Give back exactly the stretch of data below from the line holding "709 Tree Top" through the line holding "Rozdzielnica stojąca IP55/I", both ends included, and leave the remaining lines out.

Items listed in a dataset
* * * * * * * * *

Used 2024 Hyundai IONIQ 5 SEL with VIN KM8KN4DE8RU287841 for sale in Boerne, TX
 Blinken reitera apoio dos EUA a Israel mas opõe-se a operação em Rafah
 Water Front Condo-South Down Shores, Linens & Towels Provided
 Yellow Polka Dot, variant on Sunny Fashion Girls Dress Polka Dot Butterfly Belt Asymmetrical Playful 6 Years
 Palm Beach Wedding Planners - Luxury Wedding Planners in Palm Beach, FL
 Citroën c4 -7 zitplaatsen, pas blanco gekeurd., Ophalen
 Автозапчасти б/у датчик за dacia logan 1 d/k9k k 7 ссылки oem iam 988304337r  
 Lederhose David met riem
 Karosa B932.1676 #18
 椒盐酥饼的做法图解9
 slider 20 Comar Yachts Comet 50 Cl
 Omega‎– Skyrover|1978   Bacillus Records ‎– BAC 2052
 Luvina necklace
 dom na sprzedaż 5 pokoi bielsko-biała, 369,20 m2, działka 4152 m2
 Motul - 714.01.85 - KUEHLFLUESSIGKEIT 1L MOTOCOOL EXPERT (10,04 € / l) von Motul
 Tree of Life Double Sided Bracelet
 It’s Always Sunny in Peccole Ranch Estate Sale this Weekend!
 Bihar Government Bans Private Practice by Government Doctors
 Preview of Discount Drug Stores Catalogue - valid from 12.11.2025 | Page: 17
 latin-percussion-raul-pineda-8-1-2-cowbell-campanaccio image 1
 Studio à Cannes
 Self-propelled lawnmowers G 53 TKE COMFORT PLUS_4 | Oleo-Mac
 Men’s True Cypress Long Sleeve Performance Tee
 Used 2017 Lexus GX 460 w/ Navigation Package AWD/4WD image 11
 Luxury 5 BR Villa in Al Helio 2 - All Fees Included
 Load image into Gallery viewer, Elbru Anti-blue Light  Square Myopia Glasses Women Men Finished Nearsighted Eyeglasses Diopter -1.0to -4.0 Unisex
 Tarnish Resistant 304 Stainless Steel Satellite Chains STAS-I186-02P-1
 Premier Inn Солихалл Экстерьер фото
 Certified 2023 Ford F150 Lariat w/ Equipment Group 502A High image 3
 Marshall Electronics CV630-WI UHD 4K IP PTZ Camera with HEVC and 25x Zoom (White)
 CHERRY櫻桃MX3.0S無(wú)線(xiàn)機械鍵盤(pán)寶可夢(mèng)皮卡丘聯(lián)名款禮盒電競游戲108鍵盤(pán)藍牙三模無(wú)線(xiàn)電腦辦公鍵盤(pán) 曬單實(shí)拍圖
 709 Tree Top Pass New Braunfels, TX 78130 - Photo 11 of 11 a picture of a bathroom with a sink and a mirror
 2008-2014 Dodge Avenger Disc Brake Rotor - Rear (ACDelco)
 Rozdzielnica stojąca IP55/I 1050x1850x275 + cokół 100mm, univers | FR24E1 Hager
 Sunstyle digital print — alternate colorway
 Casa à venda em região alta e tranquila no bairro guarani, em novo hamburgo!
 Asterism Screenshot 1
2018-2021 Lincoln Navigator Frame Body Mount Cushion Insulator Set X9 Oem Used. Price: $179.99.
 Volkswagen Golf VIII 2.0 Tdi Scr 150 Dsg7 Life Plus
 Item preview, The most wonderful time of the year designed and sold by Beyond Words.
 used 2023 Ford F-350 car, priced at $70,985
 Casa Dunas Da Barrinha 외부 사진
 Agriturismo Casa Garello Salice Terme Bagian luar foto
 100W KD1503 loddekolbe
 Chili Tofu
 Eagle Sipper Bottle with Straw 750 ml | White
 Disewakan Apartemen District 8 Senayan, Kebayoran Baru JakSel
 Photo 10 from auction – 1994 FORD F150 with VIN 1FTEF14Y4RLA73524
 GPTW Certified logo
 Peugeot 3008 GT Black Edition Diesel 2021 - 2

* * * * * * * * *

→ WRITTEN RESPONSE:
 709 Tree Top Pass New Braunfels, TX 78130 - Photo 11 of 11 a picture of a bathroom with a sink and a mirror
 2008-2014 Dodge Avenger Disc Brake Rotor - Rear (ACDelco)
 Rozdzielnica stojąca IP55/I 1050x1850x275 + cokół 100mm, univers | FR24E1 Hager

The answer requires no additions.